An Evaluation Study on Artificial Intelligence Data Validation Methods and Open-source Frameworks

인공지능 데이터 품질검증 기술 및 오픈소스 프레임워크 분석 연구

  • Yun, Changhee (AI Future Strategy Center, National Information-Society Agency) ;
  • Shin, Hokyung (School of Computer Science and Engineering, Kyungpook National University) ;
  • Choo, Seung-Yeon (School of Architecture, Kyungpook National University) ;
  • Kim, Jaeil (School of Computer Science and Engineering, Kyungpook National University)
  • 윤창희 ;
  • 신호경 ;
  • 추승연 ;
  • 김재일
  • Received : 2021.09.23
  • Accepted : 2021.10.19
  • Published : 2021.10.30


In this paper, we investigate automated data validation techniques for artificial intelligence training, and also disclose open-source frameworks, such as Google's TensorFlow Data Validation (TFDV), that support automated data validation in the AI model development process.

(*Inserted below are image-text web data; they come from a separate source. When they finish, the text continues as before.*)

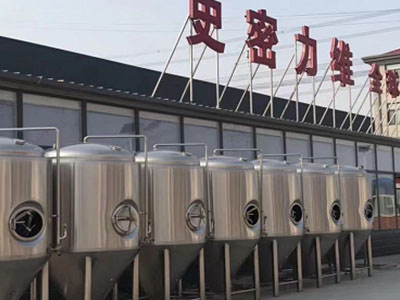 松潘精酿啤酒设备厂—市场规模与跨界新需求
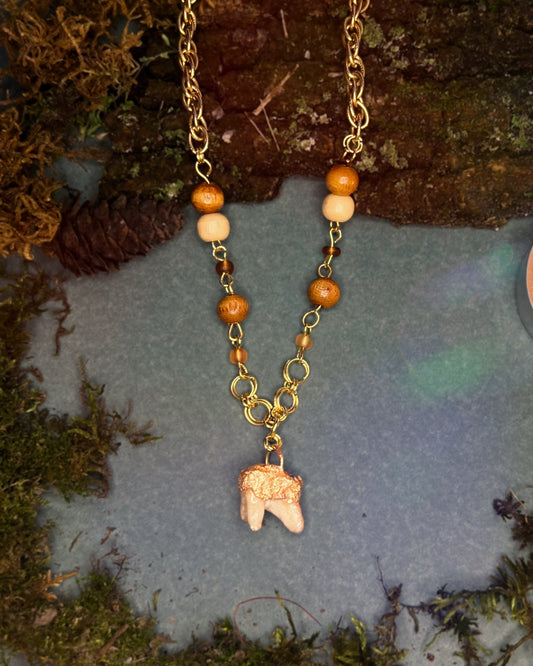 Deer Tooth Necklace
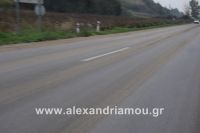 alexandriamou_troxeo11.100007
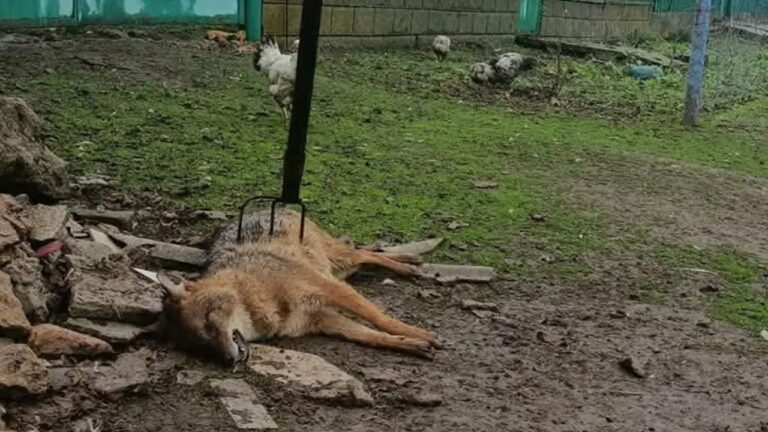 У поліції не зареєстрували заяву про жорстоке вбивство тварини на території нацпарку “Тузлівські лимани”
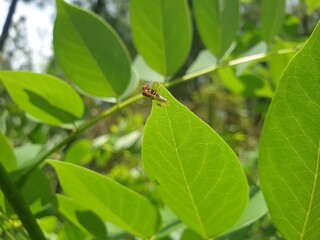 leaf on a green background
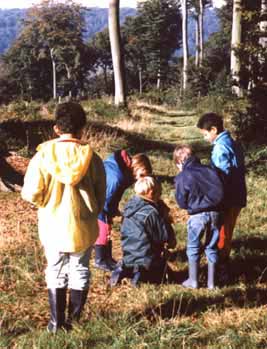 enfants en forêt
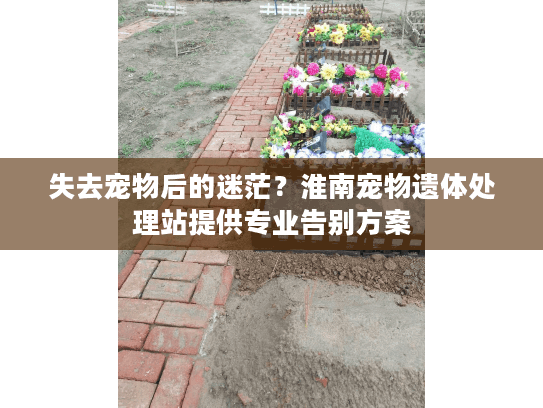 失去宠物后的迷茫？淮南宠物遗体处理站提供专业告别方案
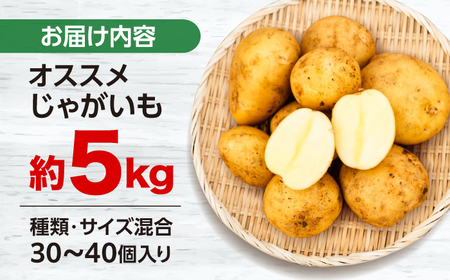 じゃがいも 5kg CGM003 じゃがいも おまかせ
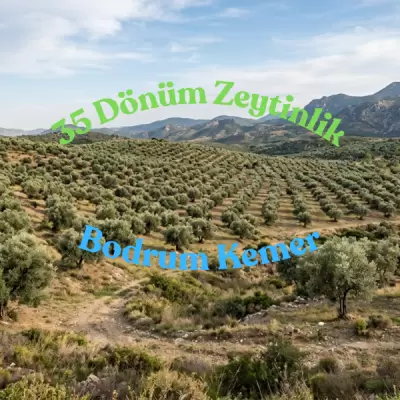 Bodrum Kemer’de Tek Tapu 35 Dönüm | 600 Verimli Zeytin Ağacı | Yıllık Gelir Potansiyelli Yatırım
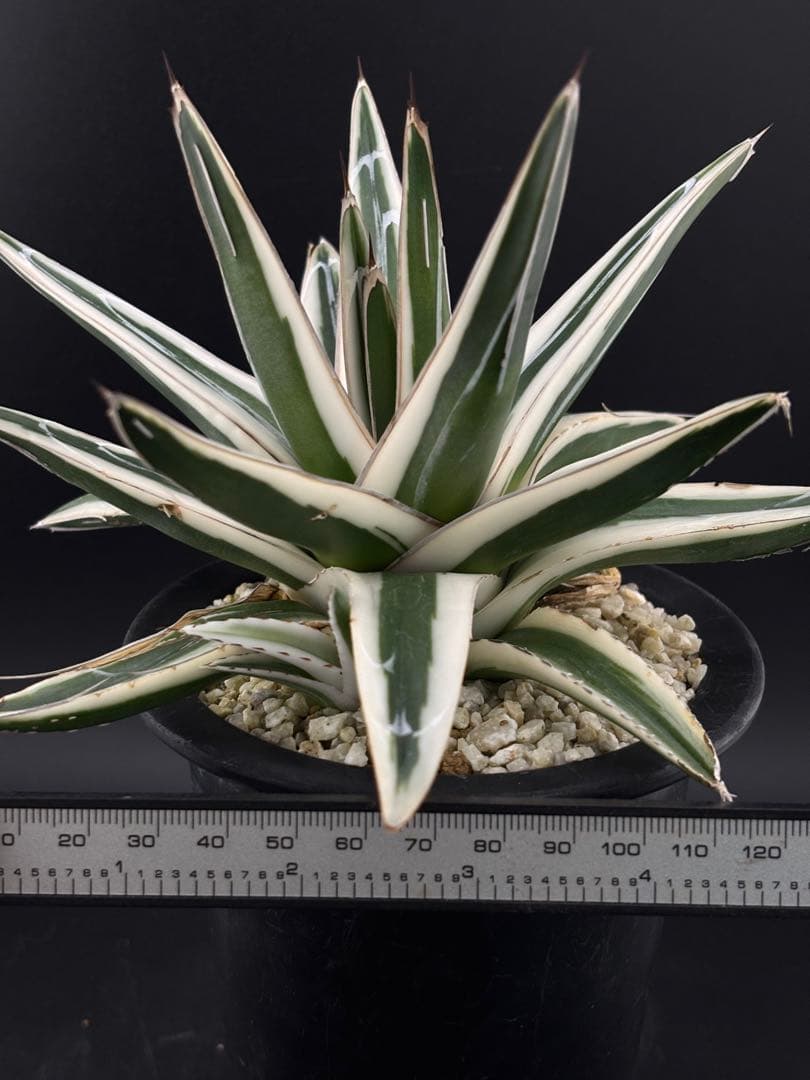 希少品種】アガベ 笹の雪 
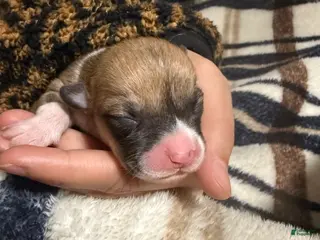 Welsh Corgi Pembroke dogs Welsh Corgi Pembroke Puppy 7 - Ad 32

We also introduce an experimental study using public data sets to demonstrate the effectiveness of the open-source data validation framework. In particular, we presents experimental results of the data validation functions for schema testing and discuss the limitations of the current open-source frameworks for semantic data. Last, we introduce the latest studies for the semantic data validation using machine learning techniques.